What the task asks >>
Please output exactly the lines from the one that holds "eneloop Pro 高階充電器組-細節圖2" through the final line of the data, and nothing else; leave out any pictures.

Supplied material >>

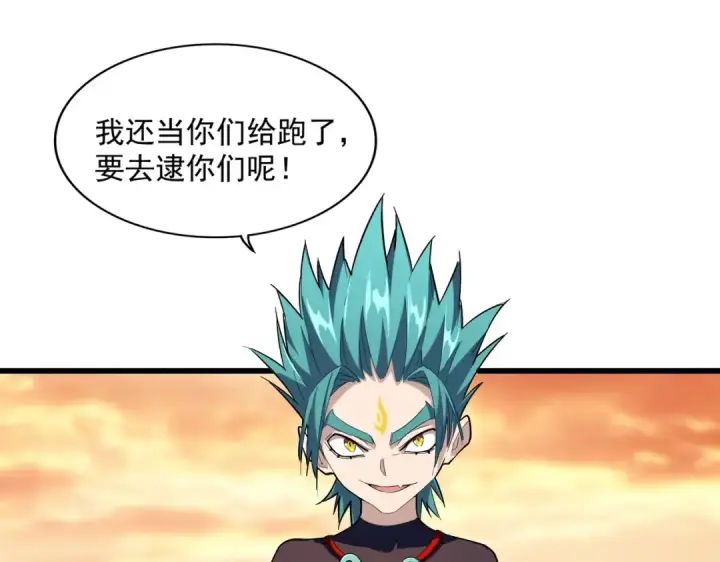 《魔皇大管家》第267话 哪来的小鬼！图95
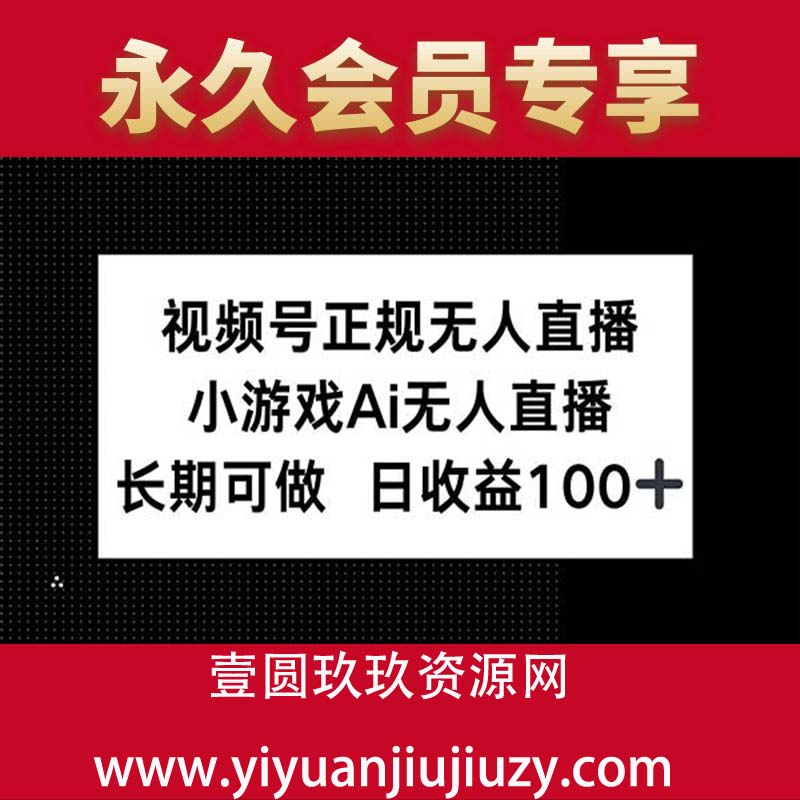 视频号正规无人直播，小游戏AI无人直播，长期可做，日收益100+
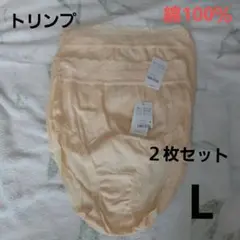 トリンプショーツL綿100％２枚セット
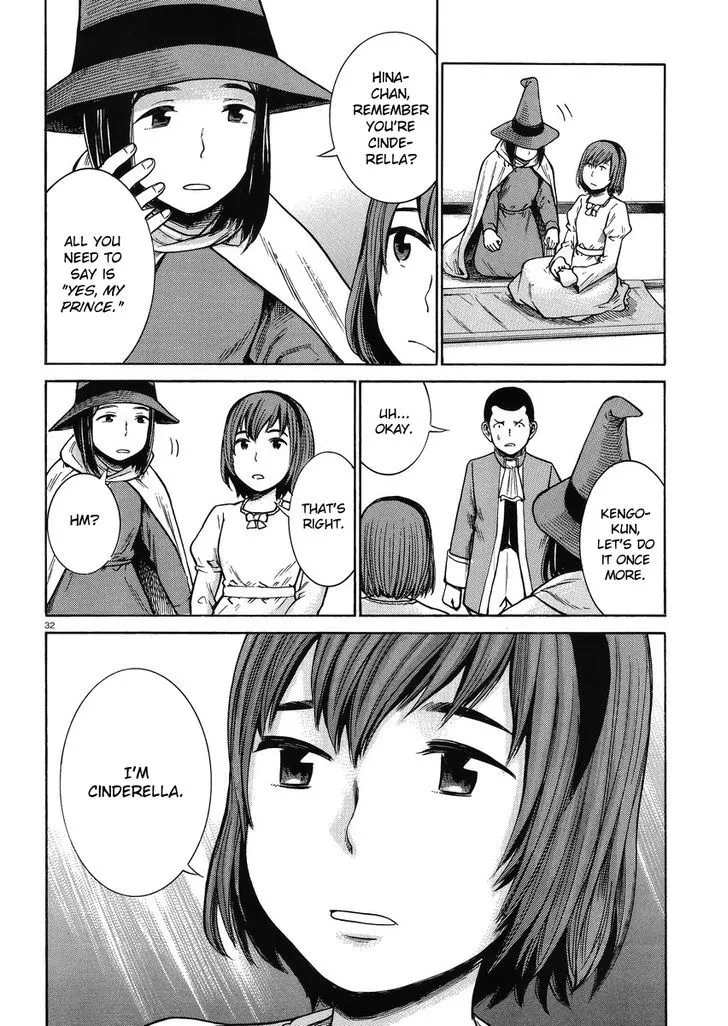 Hinamatsuri Chapter 33 page 31 - MangaNato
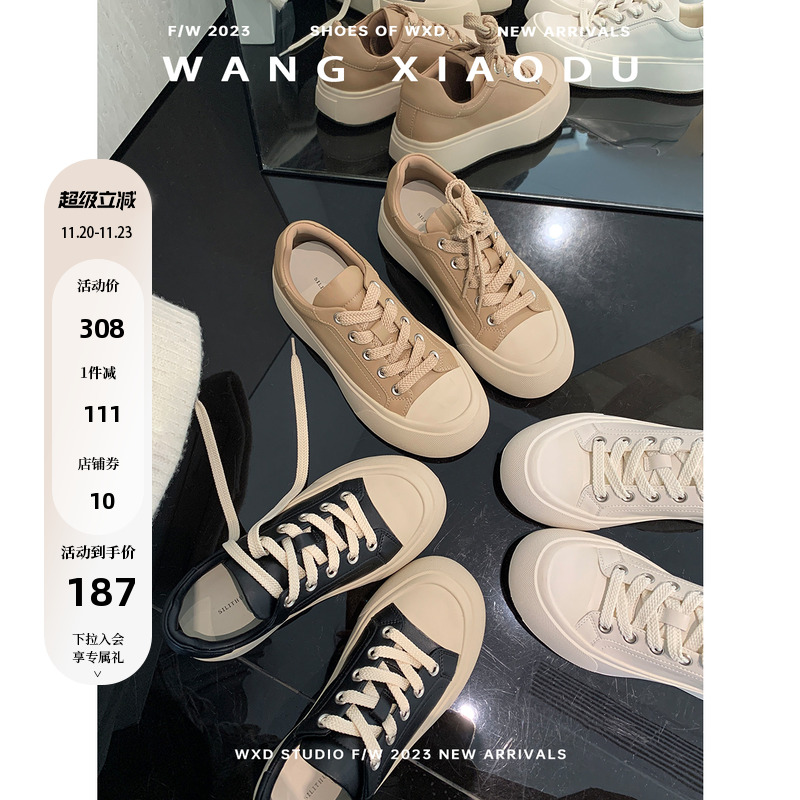 王小毒厚底增高休闲板鞋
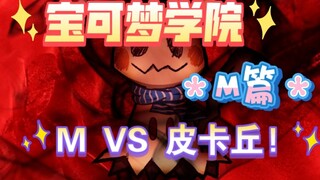 宝可梦学院之风云再起·M篇(2)谜拟Q VS 皮卡丘!M与皮卡丘的对决!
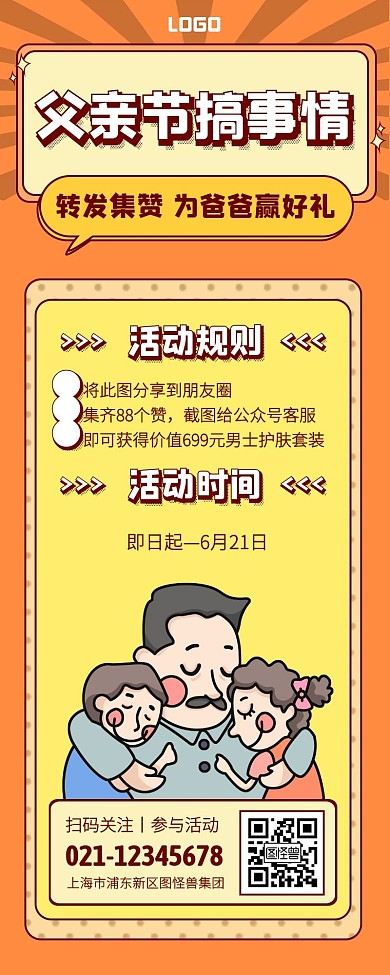父亲节转发集赞活动营销长图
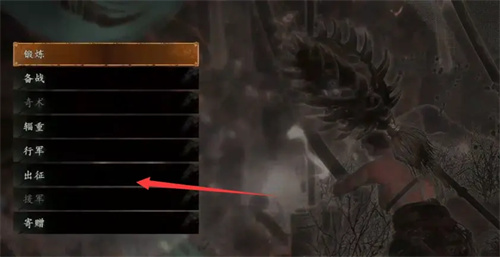 卧龙苍天陨落怎么联机 好友联机方法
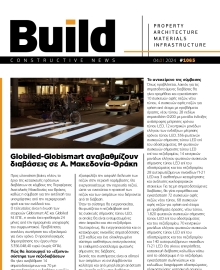 BUILD NEWSLETTER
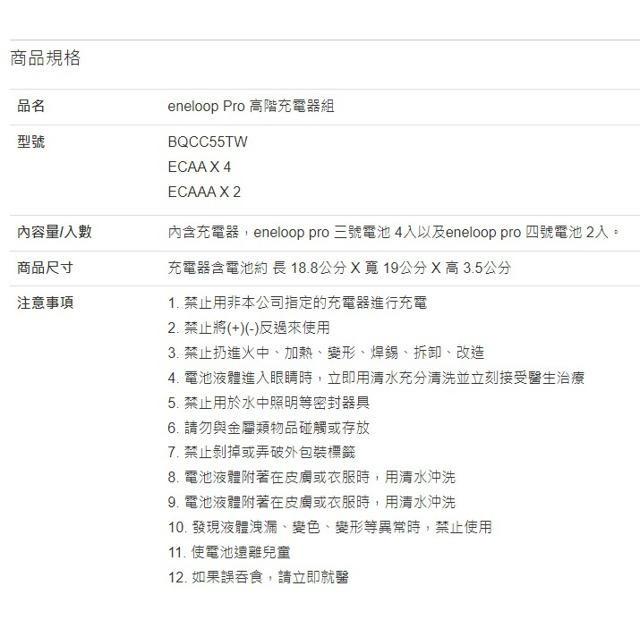 eneloop Pro 高階充電器組-細節圖2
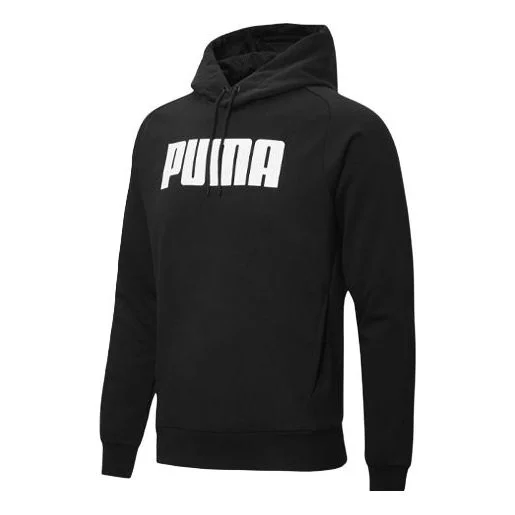 PUMA Active Wear Hoodie 'Black' 582682-01 - 1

Exercise response >>
 eneloop Pro 高階充電器組-細節圖2
 PUMA Active Wear Hoodie 'Black' 582682-01 - 1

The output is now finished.